Il est vraisemblable qu’en 2019, le nombre d’infections à WNV sera élevé à partir de juin et jusqu’en octobre, période de chaleur favorisant le cycle biologique du virus et la prolifération de son vecteur : le virus devient probablement endémique dans la faune locale du sud de la France. La DGS (Direction générale de la santé) a donc saisi le HCSP (Haut Conseil de la santé publique) pour définir la stratégie à adopter vis-à-vis de cette menace sur la qualité des dons de sang et d’organes.

Les recommandations du HCSP

À la suite des recommandations de l’EFS (Établissement français du sang) et de l’ABM (Agence de la biomédecine), le HCSP préconise de distinguer deux situations. Il ne sera mention ici que des produits sanguins labiles : les dons d’organes, tissus ou cellules font l’objet de recommandations longues et détaillées, à consulter dans l’avis du HCSP.

1) Existence d’une alerte épidémiologique à l’étranger.

Mettre en place à partir du 1er juin des mesures préventives pour les candidats au don de retour d’un séjour (au moins une nuit) dans un des pays ou une des régions d’une liste qui devra être actualisée jusqu’au 30 novembre : ajournement ou réalisation d’un DGV de WNV, à l’appréciation de l’ETS (établissement français du sang) concerné.

2) Existence d’une alerte en France.

  • Pour les donneurs prélevés dans les Alpes Maritimes, mettre en place à partir du 1er juillet un DGV WNV en pools de 6 échantillons de chaque donneur.

  • Dès le premier cas humain autochtone confirmé, mettre en place le DGV WNV unitaire pour les donneurs du département concerné ou un ajournement de 28 jours ou la réalisation d’un DGV WNV unitaire pour les voyageurs ayant séjourné au moins une nuit dans le département concerné (le choix est laissé à l’appréciation de l’EFS concerné).

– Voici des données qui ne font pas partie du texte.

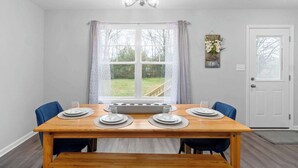 A dining area with a wooden table set for four, a chandelier, and a view of a garden through a large window.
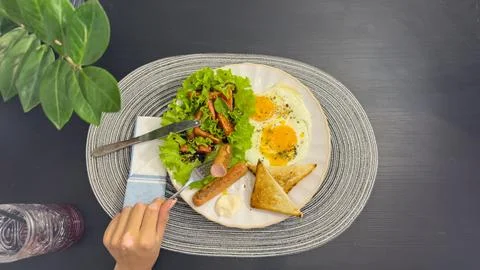 Breakfast eating process sequence from full plate with fried eggs, sausages.. Stock Photos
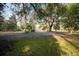 Long driveway leading to the house with beautiful mature trees lining the drive at 2042 Highway 402, Moncks Corner, SC 29461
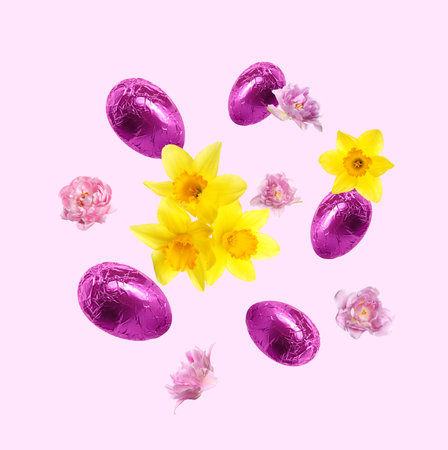 Chocolate eggs wrapped in bright foil and beautiful spring flowers in air on pastel light violet...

En 2018, ces mesures nécessaires ont entraîné la perte de l’équivalent de deux jours de collecte sur le territoire national. Une exclusion temporaire a été suivie du non retour au don chez 23% des donneurs enregistrés. Enfin il faut noter que les régions les plus touchées par un ajournement de don sont l’Île-de-France et le Grand-Est (près de 35% des ajournements à elles deux).